● **Task directions**
Lines from the one with "Tobias Rausch und" up to and including the one with "Platós teherautó ponyvával" are to be copied exactly from the records below, without their pictures.

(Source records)

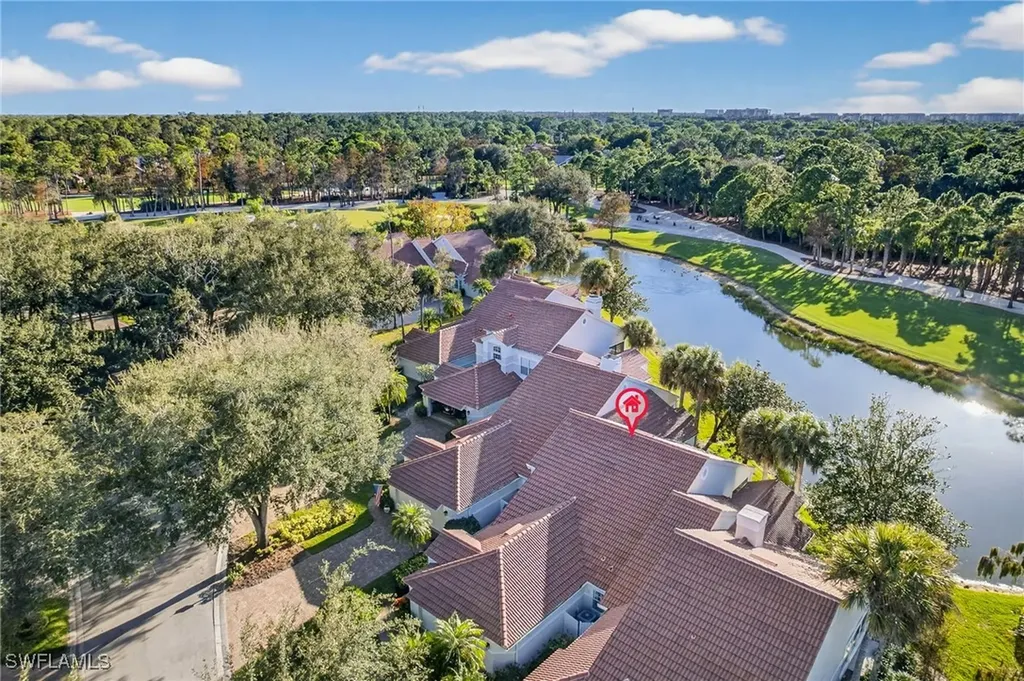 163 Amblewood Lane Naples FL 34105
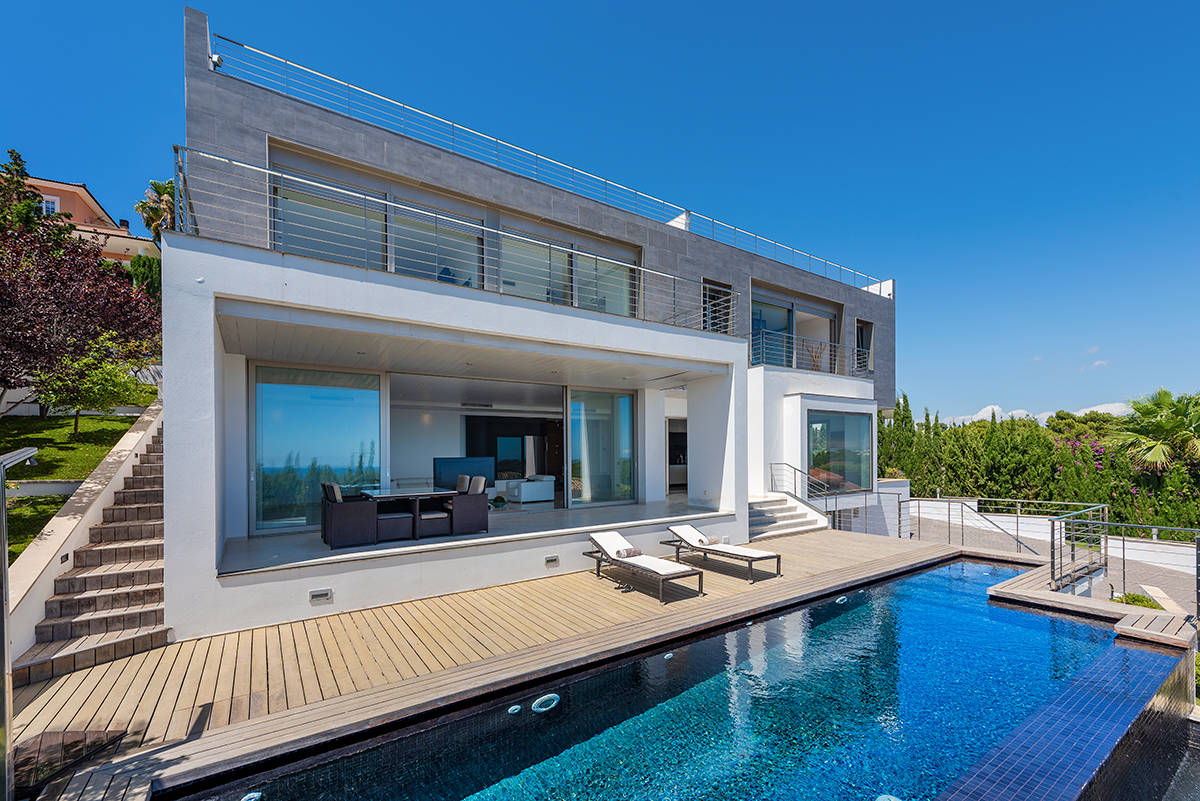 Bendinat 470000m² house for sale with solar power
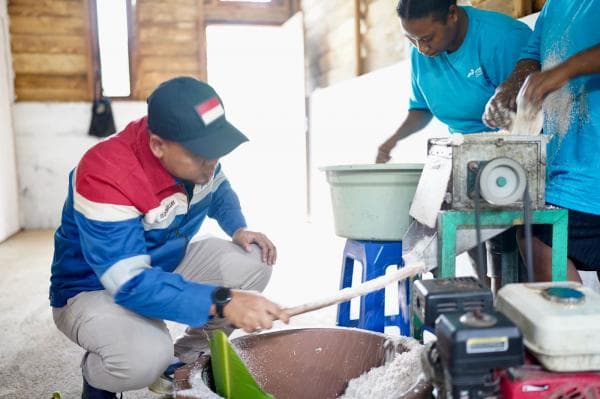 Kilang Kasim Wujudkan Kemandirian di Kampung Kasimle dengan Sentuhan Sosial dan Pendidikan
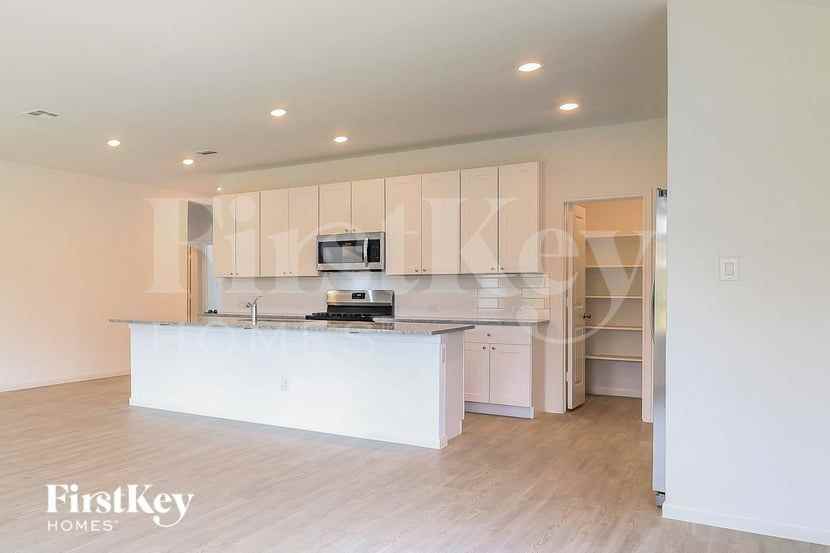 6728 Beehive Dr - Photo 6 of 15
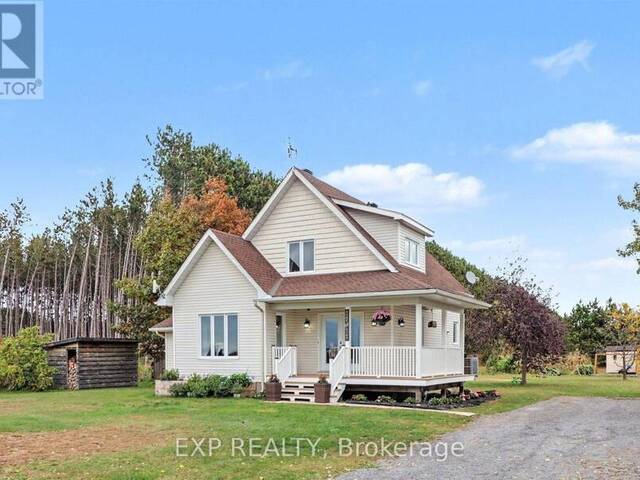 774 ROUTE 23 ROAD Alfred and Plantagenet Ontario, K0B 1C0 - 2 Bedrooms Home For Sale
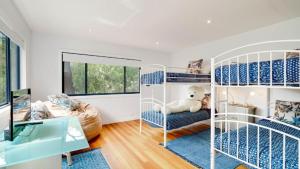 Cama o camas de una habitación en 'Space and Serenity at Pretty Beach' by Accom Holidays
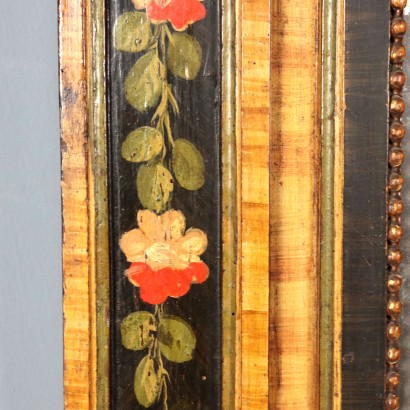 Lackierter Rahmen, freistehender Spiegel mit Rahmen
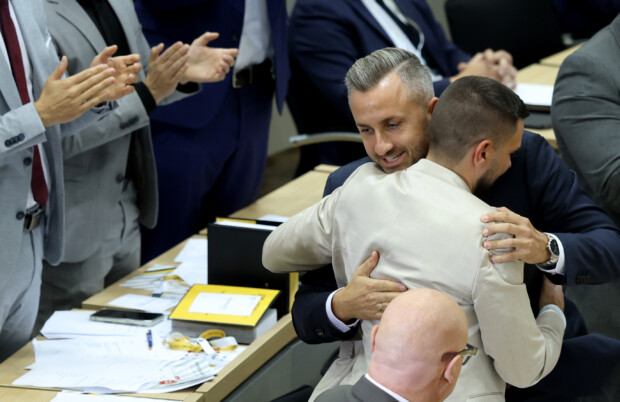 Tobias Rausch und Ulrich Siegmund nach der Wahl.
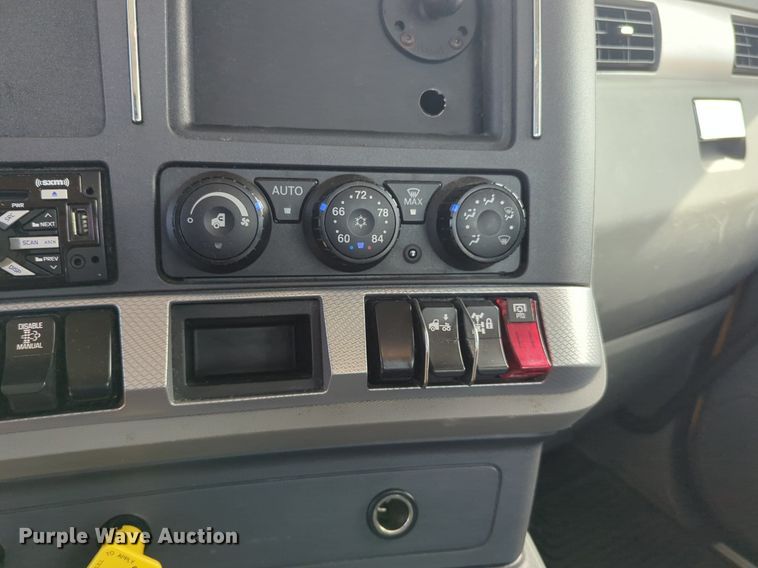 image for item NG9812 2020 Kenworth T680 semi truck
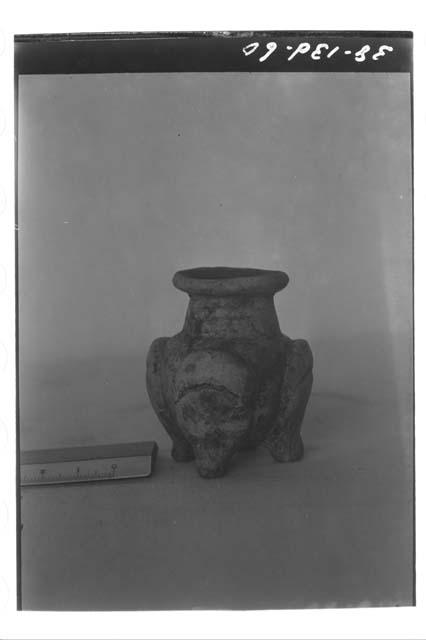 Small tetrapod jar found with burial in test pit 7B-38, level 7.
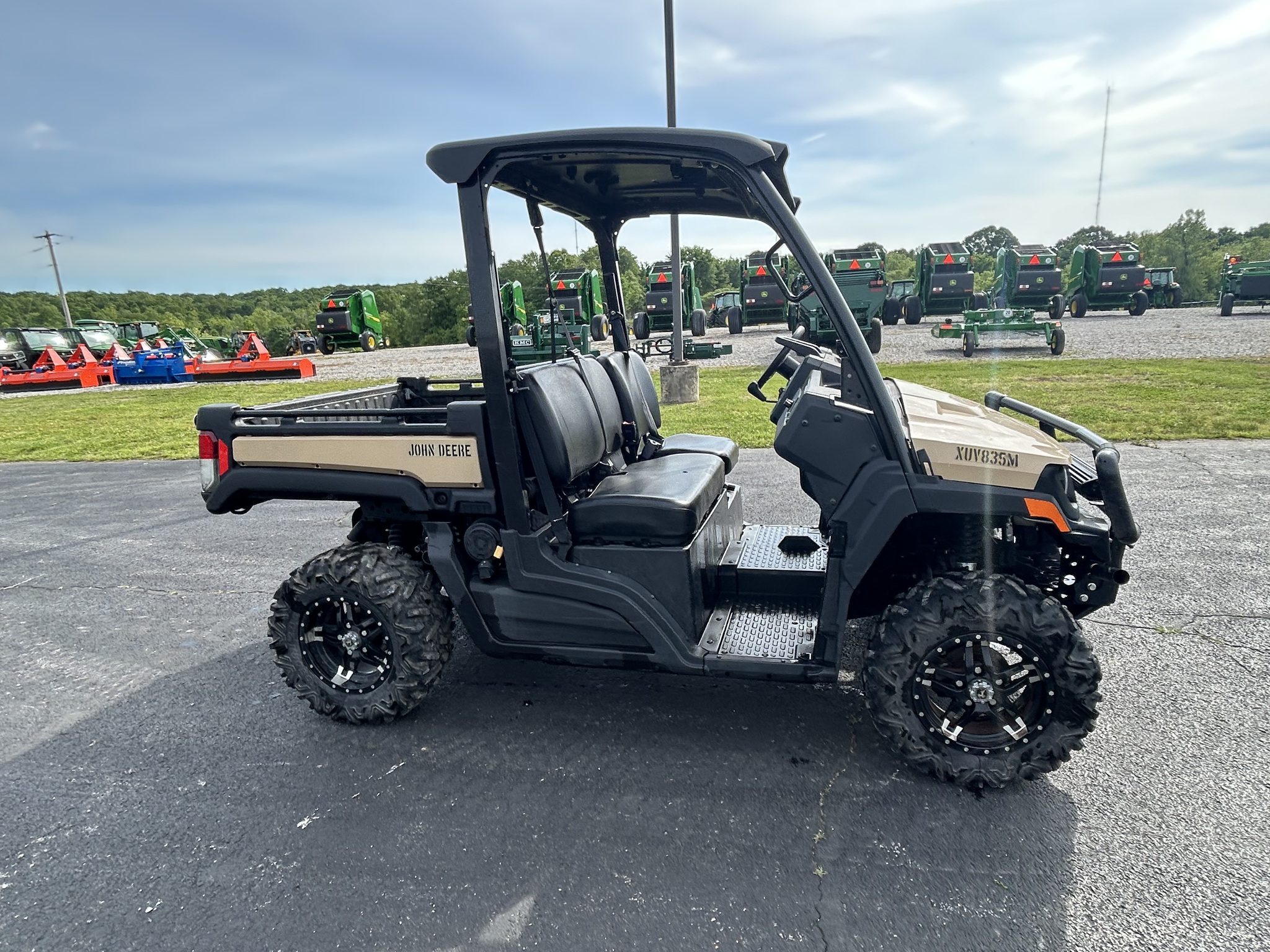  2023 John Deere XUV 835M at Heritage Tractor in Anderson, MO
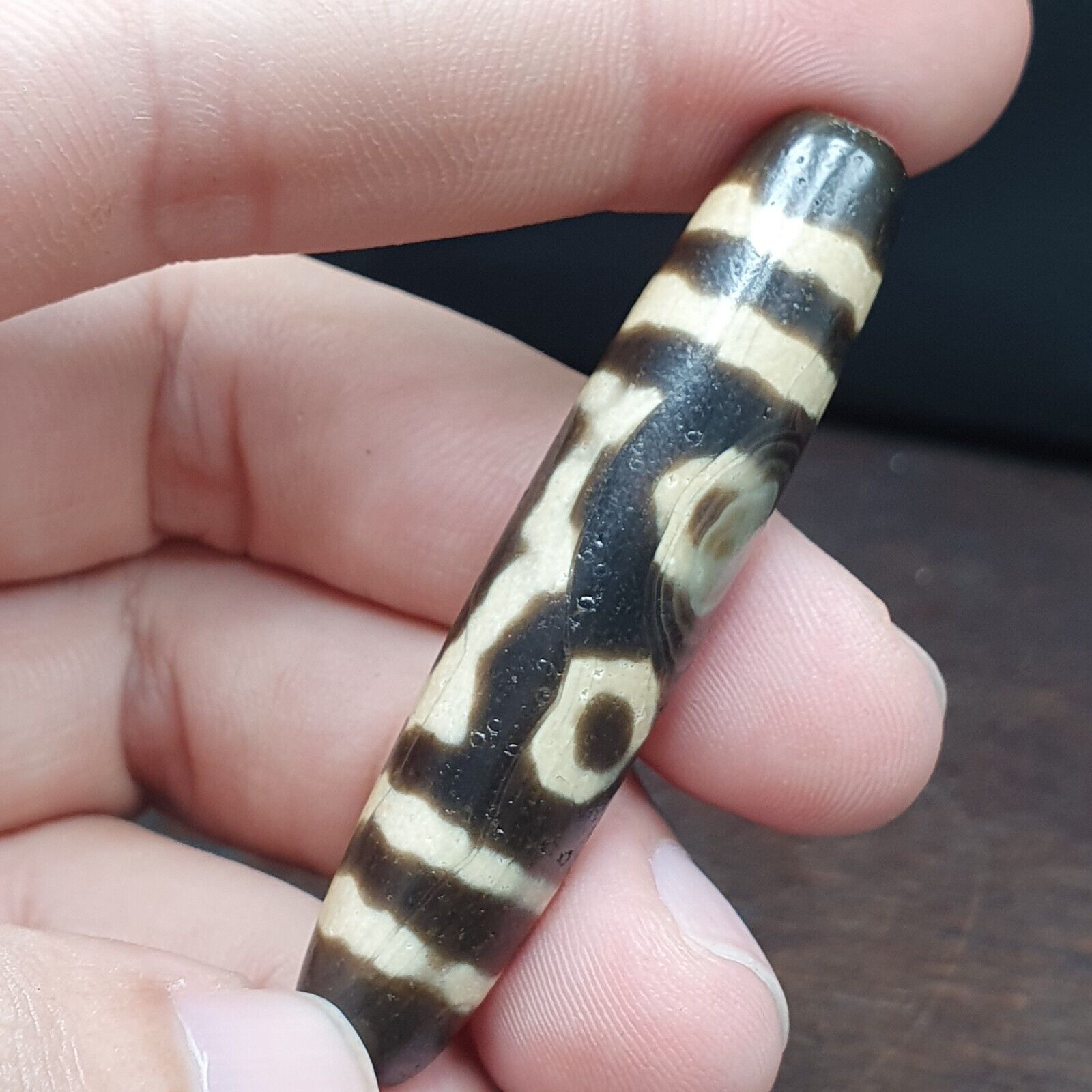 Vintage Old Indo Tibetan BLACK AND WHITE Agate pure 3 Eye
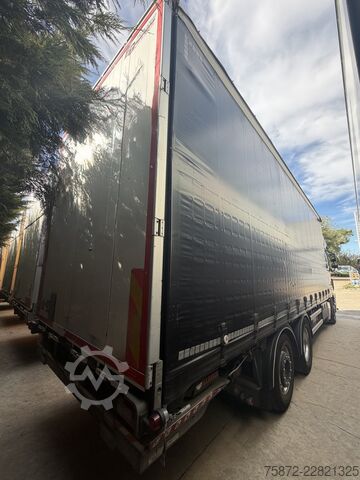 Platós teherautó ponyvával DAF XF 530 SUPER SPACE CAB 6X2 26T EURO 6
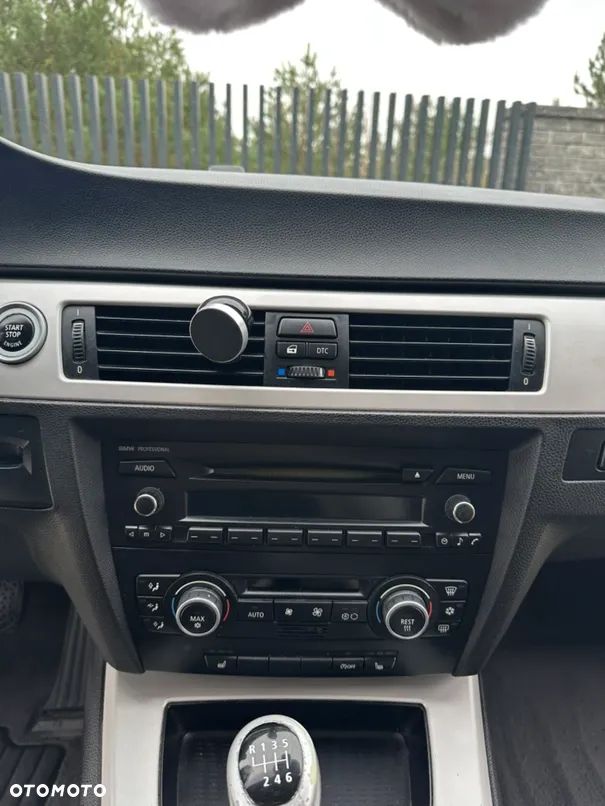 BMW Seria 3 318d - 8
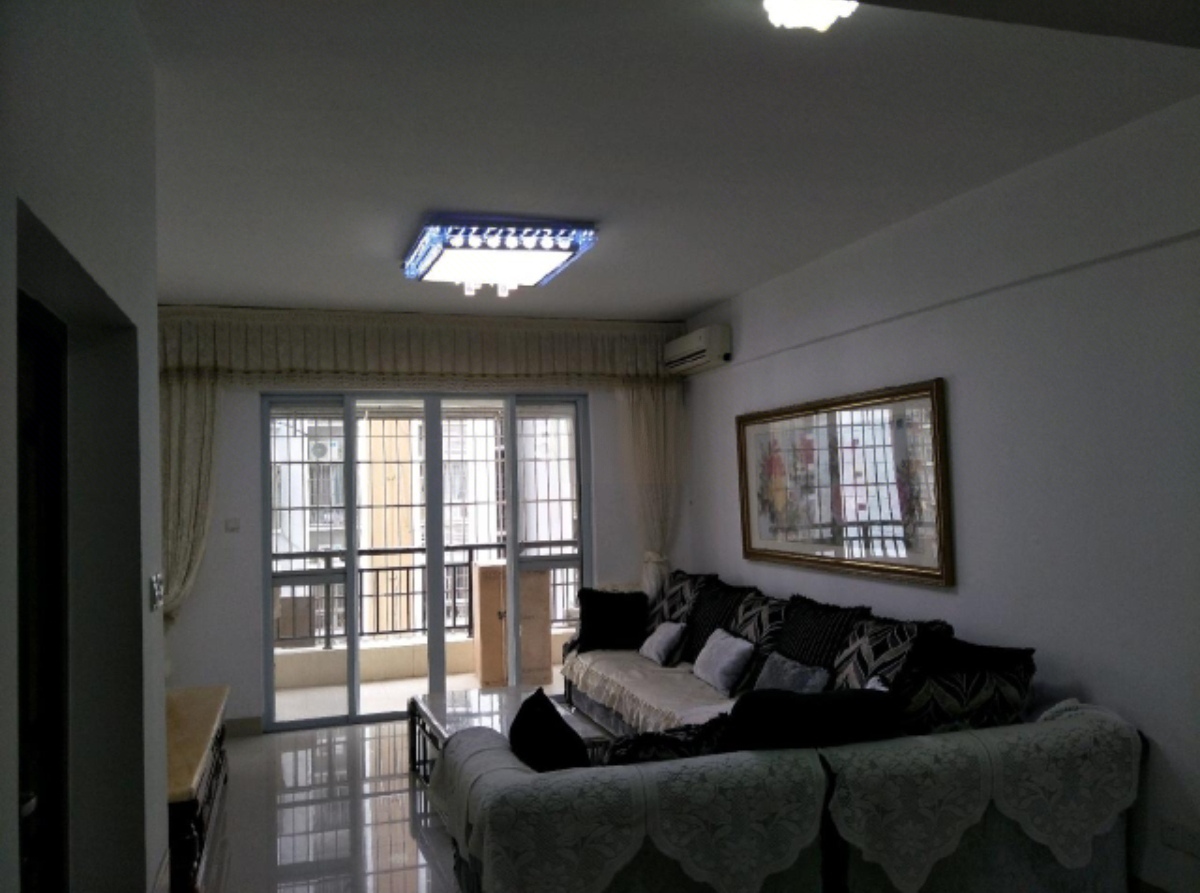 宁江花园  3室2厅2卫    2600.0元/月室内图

● **Reply**
 Tobias Rausch und Ulrich Siegmund nach der Wahl.
 image for item NG9812 2020 Kenworth T680 semi truck
 Small tetrapod jar found with burial in test pit 7B-38, level 7.
  2023 John Deere XUV 835M at Heritage Tractor in Anderson, MO
 Vintage Old Indo Tibetan BLACK AND WHITE Agate pure 3 Eye
 Platós teherautó ponyvával DAF XF 530 SUPER SPACE CAB 6X2 26T EURO 6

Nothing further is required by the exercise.